So what is short-row colorwork? Well, it’s colorwork created by short rows! But it’s so much more than that. Over the years that I’ve been developing this technique I’ve learnt a lot about placing the short rows and how they play together to create different effects.
Because that’s the key to my approach – rather than letting short rows be the guide, my method is a deliberate and intentional manipulation of the stitches.
When I started exploring short-row colorwork I found that existing methods didn’t suit my needs – namely sideways knit Hats with all the 3D shaping they need, especially at the crown. The methods I discovered were more organic in approach & worked beautifully for flat pieces, but they didn’t adapt well to 3D items.
When I design a Hat I start with the crown maths, regardless of which way I’m constructing it, as that determines the overall structure.

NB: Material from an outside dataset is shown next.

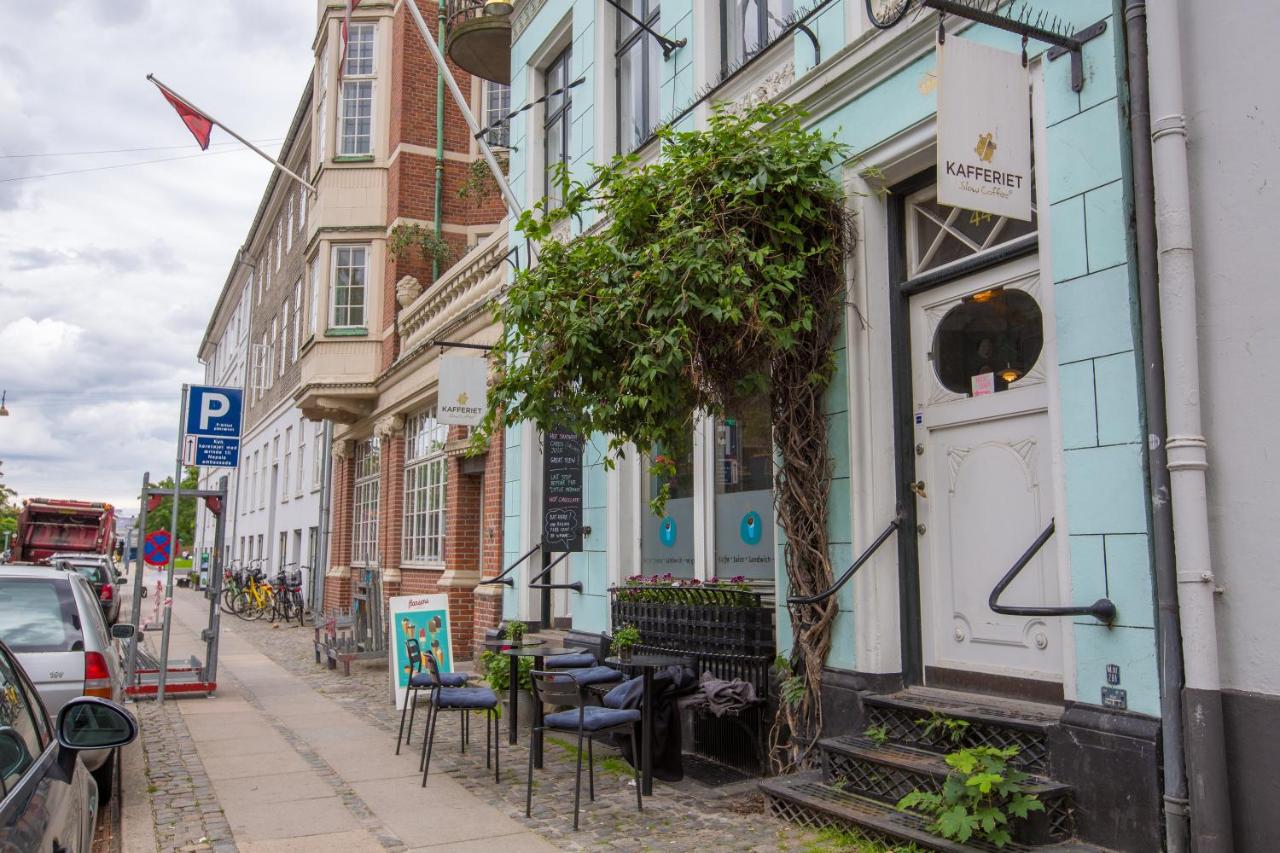 Churchill Studio by Daniel&Jacob's - 4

If you start with the brim, or a stitch pattern, you tend to get stuck when incorporating the crown shaping into the pattern. Starting with the crown maths needs a different way of thinking, but it brings with it a fresh perspective and a more refined design. And it was no different when I started to explore short-row colorwork – to get a well fitting gorgeous Hat, I had to start by making the short rows work for both the crown shaping and the colorwork, and the technique grew from there.
Fabric integrity is key, and in the book I go into this in great length, with illustrated examples explaining how to ensure your project doesn’t distort. In a similar way to knitting lace, where you need the increases and decreases to balance each other, so it is with short-row colorwork. And just like lace, how you place those increases and decreases creates the pattern. A subtle shift in the placement of short shows can create an entirely different effect.
Short-row colourwork is a dynamic technique that creates beautiful fabric, full of movement and depth. I can’t wait to share more, I know you’ll love it!